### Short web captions

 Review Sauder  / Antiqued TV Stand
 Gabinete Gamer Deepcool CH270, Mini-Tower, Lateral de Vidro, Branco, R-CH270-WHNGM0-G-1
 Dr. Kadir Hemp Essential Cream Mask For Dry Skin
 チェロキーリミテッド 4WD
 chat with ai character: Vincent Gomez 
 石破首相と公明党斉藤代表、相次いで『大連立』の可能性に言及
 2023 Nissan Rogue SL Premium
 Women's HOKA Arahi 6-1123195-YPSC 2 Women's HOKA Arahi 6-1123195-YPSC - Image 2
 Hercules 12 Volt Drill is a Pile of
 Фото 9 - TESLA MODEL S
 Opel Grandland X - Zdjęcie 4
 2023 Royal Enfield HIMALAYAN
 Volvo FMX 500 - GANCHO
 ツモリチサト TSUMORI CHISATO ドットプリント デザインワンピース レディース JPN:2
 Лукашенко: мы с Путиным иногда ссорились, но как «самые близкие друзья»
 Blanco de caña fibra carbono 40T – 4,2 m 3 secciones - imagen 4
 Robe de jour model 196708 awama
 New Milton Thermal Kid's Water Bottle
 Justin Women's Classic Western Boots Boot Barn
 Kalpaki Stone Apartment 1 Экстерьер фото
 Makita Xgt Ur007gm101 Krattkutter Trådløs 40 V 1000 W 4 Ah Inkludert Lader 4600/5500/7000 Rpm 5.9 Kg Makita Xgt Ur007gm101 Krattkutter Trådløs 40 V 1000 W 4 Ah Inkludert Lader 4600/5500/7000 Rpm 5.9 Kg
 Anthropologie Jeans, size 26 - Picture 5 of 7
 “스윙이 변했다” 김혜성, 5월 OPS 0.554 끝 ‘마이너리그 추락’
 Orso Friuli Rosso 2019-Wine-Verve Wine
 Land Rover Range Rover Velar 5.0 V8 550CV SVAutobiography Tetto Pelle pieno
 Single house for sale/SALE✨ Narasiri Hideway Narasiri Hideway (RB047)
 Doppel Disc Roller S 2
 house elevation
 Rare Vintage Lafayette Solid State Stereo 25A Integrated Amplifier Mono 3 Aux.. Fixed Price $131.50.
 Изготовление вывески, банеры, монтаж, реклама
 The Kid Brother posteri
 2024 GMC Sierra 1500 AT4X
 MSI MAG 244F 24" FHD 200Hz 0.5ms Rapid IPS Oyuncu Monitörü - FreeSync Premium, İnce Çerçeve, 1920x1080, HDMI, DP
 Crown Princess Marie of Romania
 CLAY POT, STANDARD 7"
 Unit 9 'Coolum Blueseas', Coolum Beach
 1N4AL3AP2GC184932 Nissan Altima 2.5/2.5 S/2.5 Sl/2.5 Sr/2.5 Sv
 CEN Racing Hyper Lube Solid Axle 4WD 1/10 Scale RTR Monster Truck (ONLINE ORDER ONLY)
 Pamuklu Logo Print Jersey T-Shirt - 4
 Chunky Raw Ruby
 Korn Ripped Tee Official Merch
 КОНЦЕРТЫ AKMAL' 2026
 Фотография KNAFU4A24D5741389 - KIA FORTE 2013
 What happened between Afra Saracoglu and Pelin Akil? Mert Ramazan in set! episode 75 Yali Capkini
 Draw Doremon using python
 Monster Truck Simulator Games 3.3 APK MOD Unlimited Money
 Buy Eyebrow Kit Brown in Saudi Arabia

### What the task asks
Every line with "Truck" in it should be copied from the entries.

### Task result
 CEN Racing Hyper Lube Solid Axle 4WD 1/10 Scale RTR Monster Truck (ONLINE ORDER ONLY)
 Monster Truck Simulator Games 3.3 APK MOD Unlimited Money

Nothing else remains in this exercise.